Die Zeiten ändern sich. Im Bus spielt niemand mehr Skat oder Doppelkopf. Stattdessen gilt das Diktat von Dr. Dre und dem iPhone. Tischtennis spielt außer Philipp Lahm sowieso niemand mehr. Playstation und Xbox sind angesagt. Auch modisch sind die Nationalspieler ganz weit vorne. Und in den sozialen Medien sowieso. Selfie im Bus, Selfie mit Mutti, Selfie mit dem Pokal, Selfie mit Mutti und dem Pokal. Alles, was sich nur wünschen kann.
Umso erstaunlicher ist die Tatsache, dass das Highlight der Weltmeisterfeier in Berlin ein Auftritt von Helene Fischer war. Im wahrsten Sinne des Wortes im Kreis der Nationalspieler. Und während offensichtlich humorbefreite Redakteure, die sonst wahrscheinlich selbstverliebte Texte im Feuilleton verfassen, diskutieren, ob man sich einen Spaß auf Kosten der Argentinier erlauben kann, spricht niemand über dieses Helenengate!
Dabei wähnte ich uns auf dem Weg der Besserung. 2002 wurde auf Veranlassung von Teamchef Rudi Völler noch die Bietigheimer “Band” PUR nach Yokohama eingeflogen. Der Tiefpunkt der musikalischen Historie des DFB-Teams. 2006 dann Xavier Naidoo, der uns mehrmals am Tag darauf hinwies, das der Weg kein leichter sein würde. Recht hatte er, wie sich im Halbfinale zeigte und der Song war auch gar nicht so schlecht. Aber durch Dauerrotation ist noch kein Lied besser geworden.
2010 dann Bushido mit “Fackeln im Wind“. Der Song startet standesgemäß mit Olé, olé Rufen bevor dann derbe gerappt wird: “Hey, yo Deutschland!” Da kann man jetzt gut finden oder auch nicht, aber für mich passte das ziemlich gut zu der damaligen und aktuellen Spieler-Generation. Auch die Sportfreunde Stiller hatten einen Song am Start, aber für mich waren die Boatengs, Khediras, Jansens und Podolski eben mehr Bushido als Sportis.
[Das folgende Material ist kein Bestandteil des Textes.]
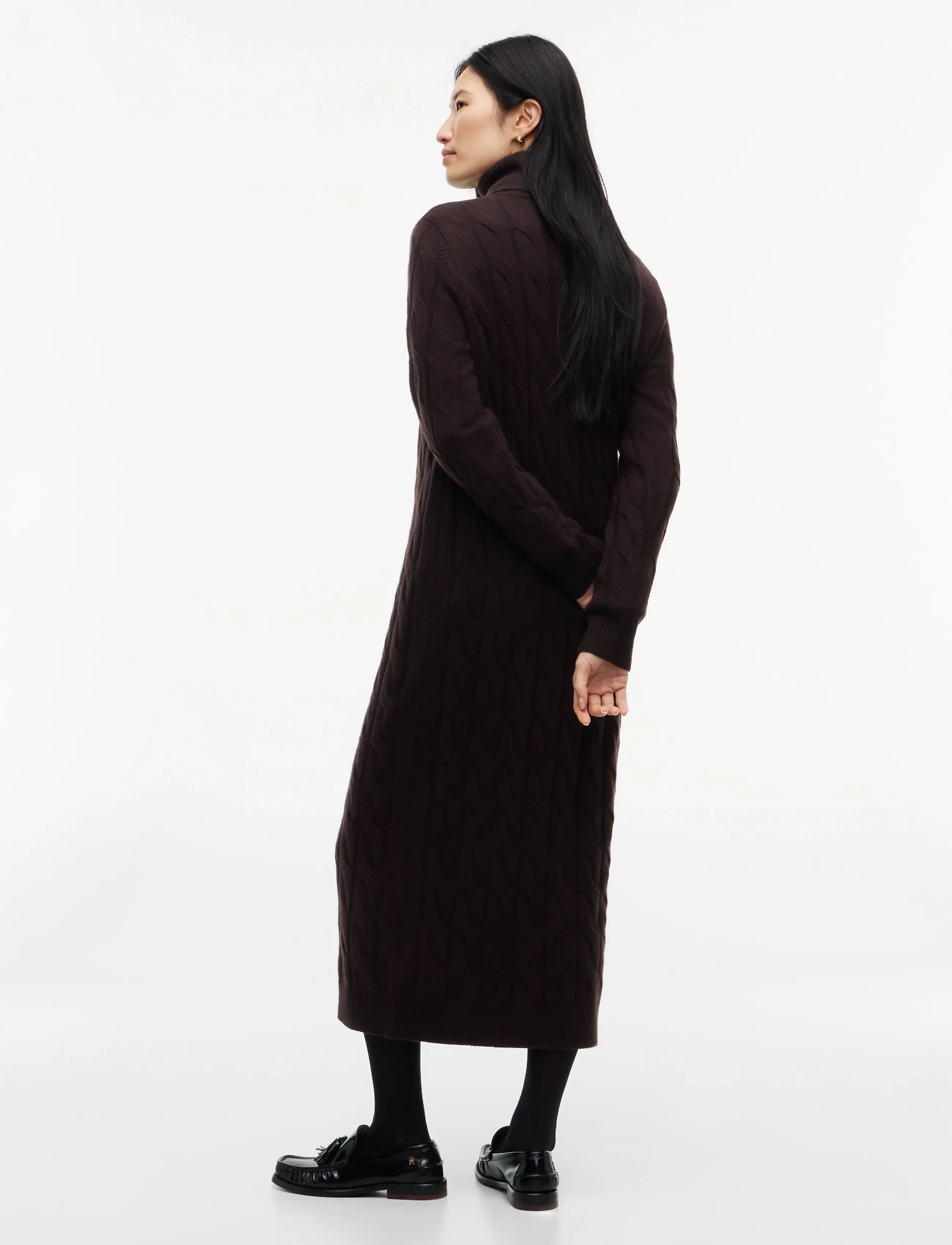 Tommy Hilfiger - SOFT WOOL CABLE ROLL-NK LS DRESS - strickkleider - chocolate - 4
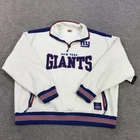 New York Giants Sweatshirt Mens XL White NFL Football Ultra Game Fleece Zip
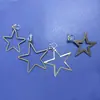 Joias coreanas personalidade exagerada brincos de estrela de cinco pontas grandes pingente clipe de orelha transparente em forma de U invisível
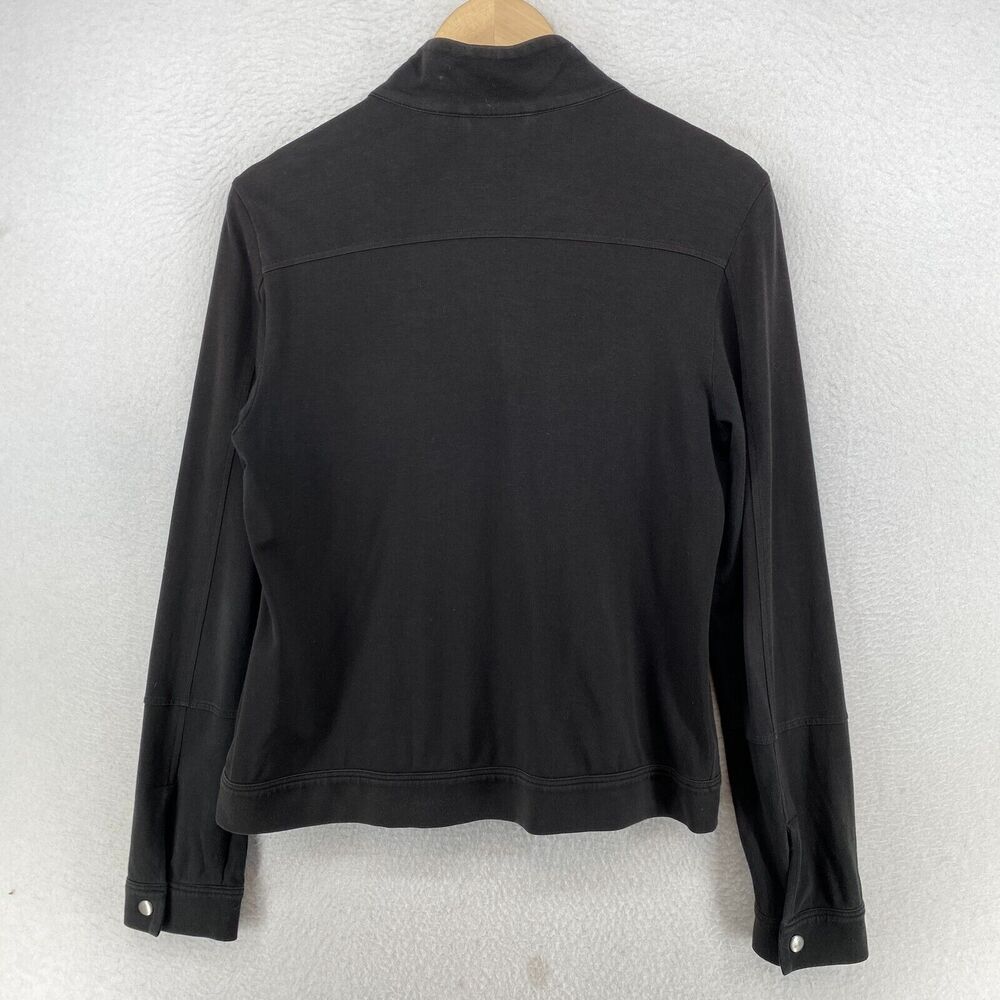 EILEEN FISHER Jacket S Organic Cotton Stretch Jersey Snap Full Zip Up Black USA - Picture 2 of 14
Das gilt natürlich insbesondere für Mesut Özil, dessen Ex mittlerweile Frau Bushido ist. Jedenfalls schien der Musikgeschmack der Nationalelf weg vom Mainstream hin zur Nische zu gehen.
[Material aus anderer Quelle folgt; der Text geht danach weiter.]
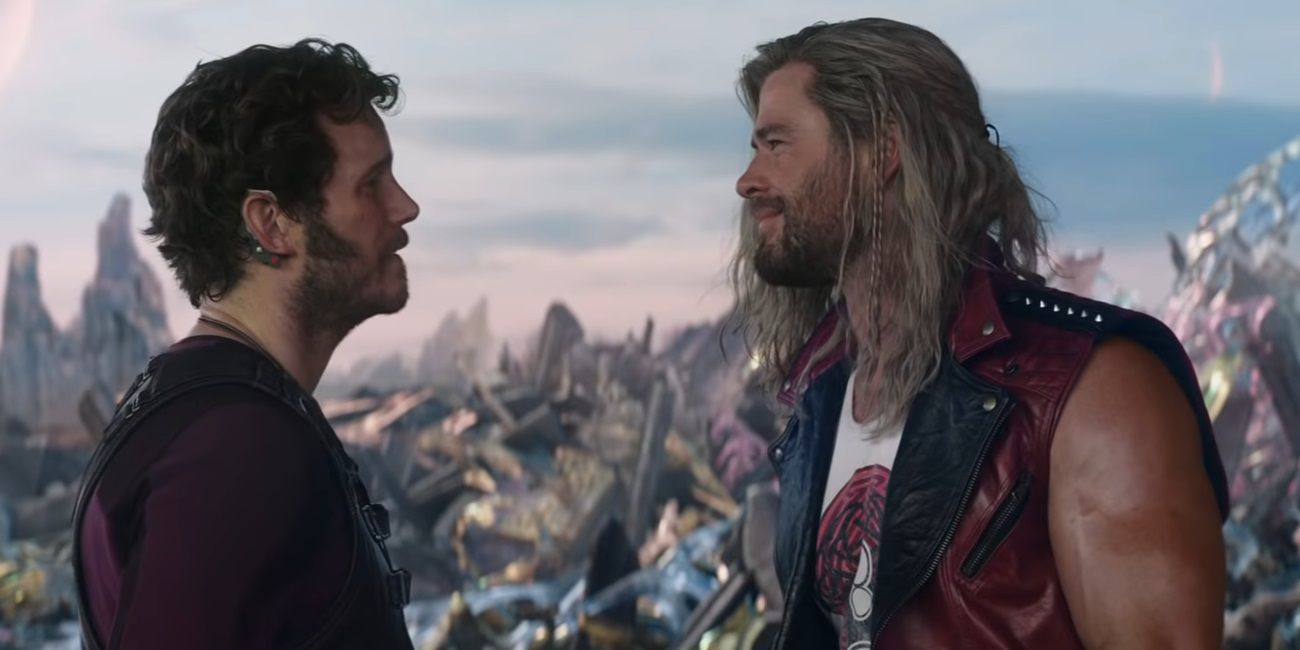 Thor talking to Star-Lord in Thor Love and Thunder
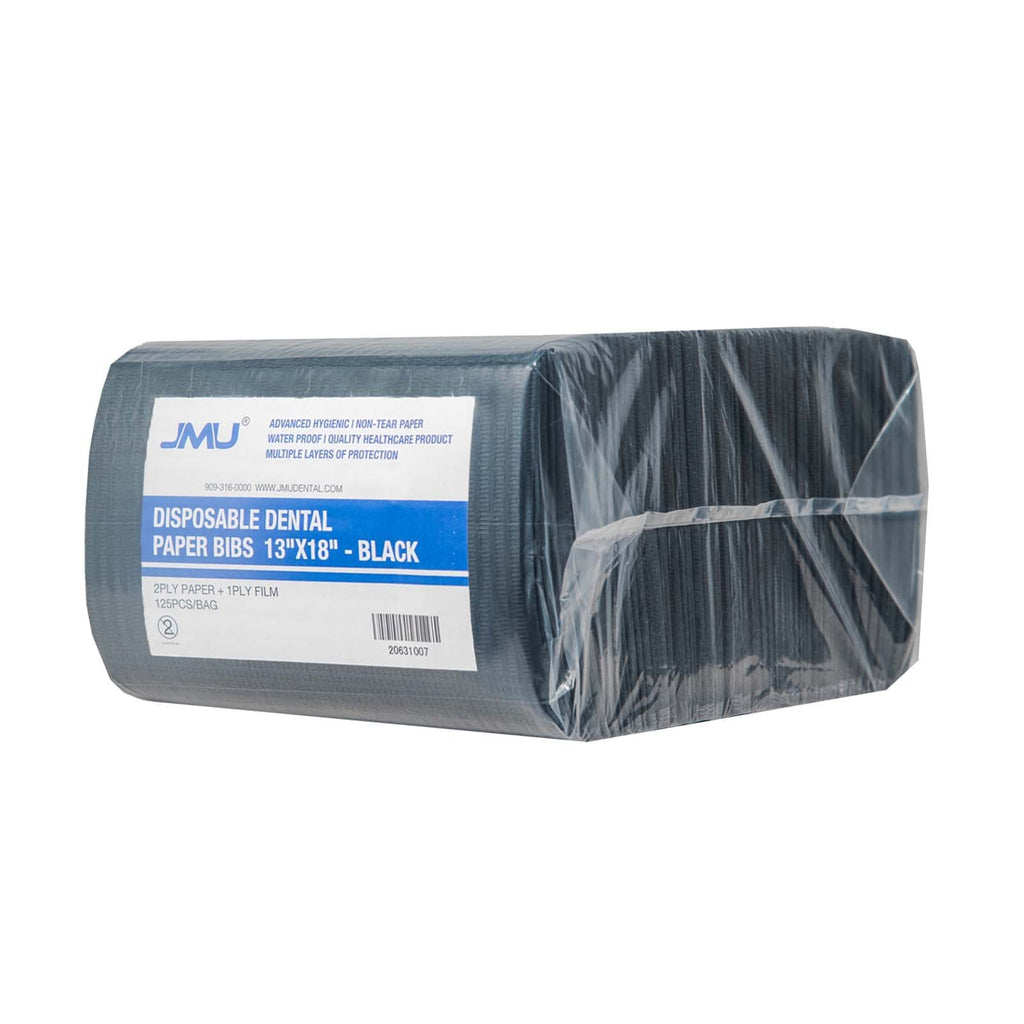 JMU 125 Pack Dental Bibs, Black Dental Bibs Disposable,13" x 18" Tattoo Bib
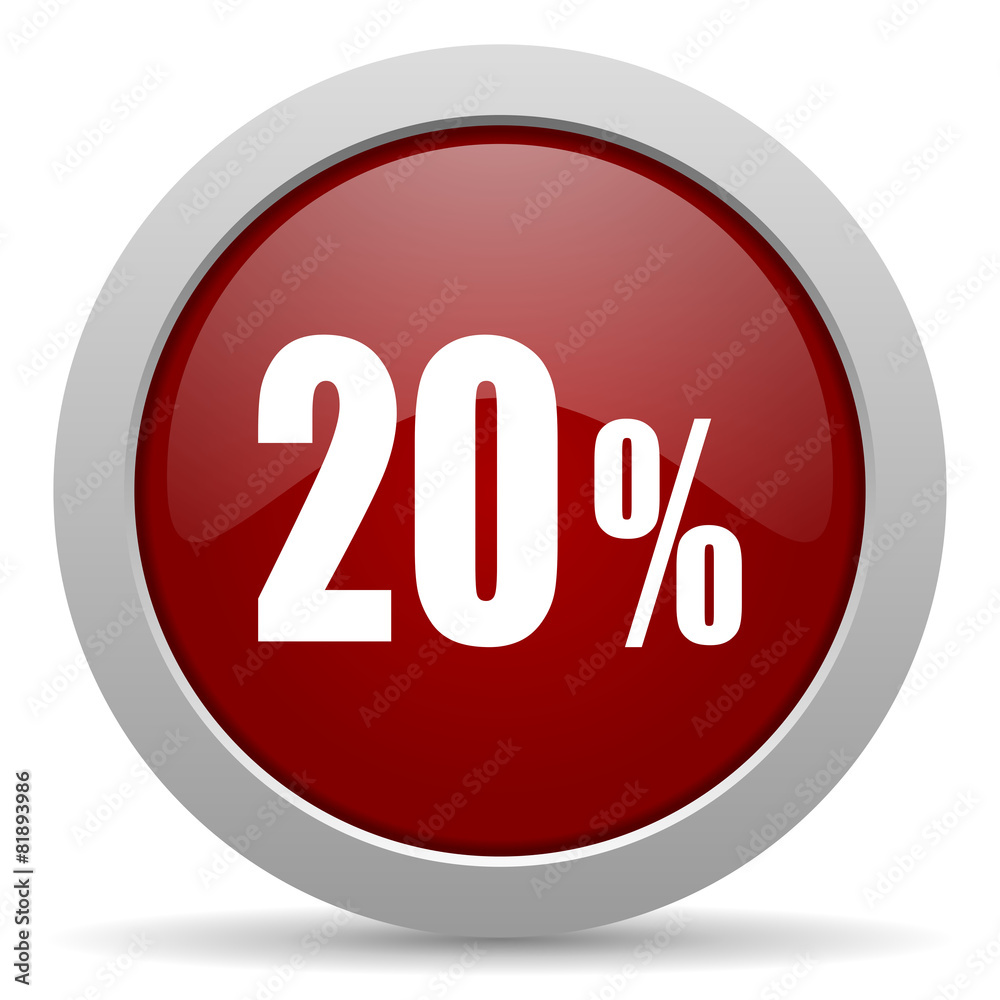 20 percent red glossy web icon 20 percent red glossy web icon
Das lies mich für 2014 hoffen. Wer würde den inoffiziellen Soundtrack zur WM liefern? Kollegah? Marteria? Beatsteaks? Kettcar? Und dann kam Helene Fischer.
Ich würde unseren Weltmeistern gerne zugute halten, dass sie sich nach dem langen Flug und dem ein oder anderen alkoholischen Getränk in einem Zustand befanden, in dem sie wie viele andere auch bei Schlagern ziemlich abgehen. Aber es gibt leider viele Indizien, die dagegen sprechen. So wird vor allem der Dortmunder Fraktion eine hohe Helenigkeit nachgesagt. Und sie leugnen es nicht mal.
Was ich mich dabei ernsthaft frage: Die Nationalspieler sind vom Nike-Cap bis zum Fußsohlen-Tattoo die Konsumvorbilder junger Leute. Aber hören 16-jährige mittlerweile wirklich Schlager? Dann weg mit der Playsi und rein mit der Tischtennisplatte!
Und zum Abschluss noch eins mit mir als “Fan” auf dem Bild pic.twitter.com/yWqjNYFOQP
— Mats Hummels (@matshummels) July 15, 2014
Mir fehlen da auch die Worte und ich versteh es nicht…zumindest hab ich jetzt einen guten Grund, die tausend Wiederholung von der Fanmeile NICHT anzuschauen!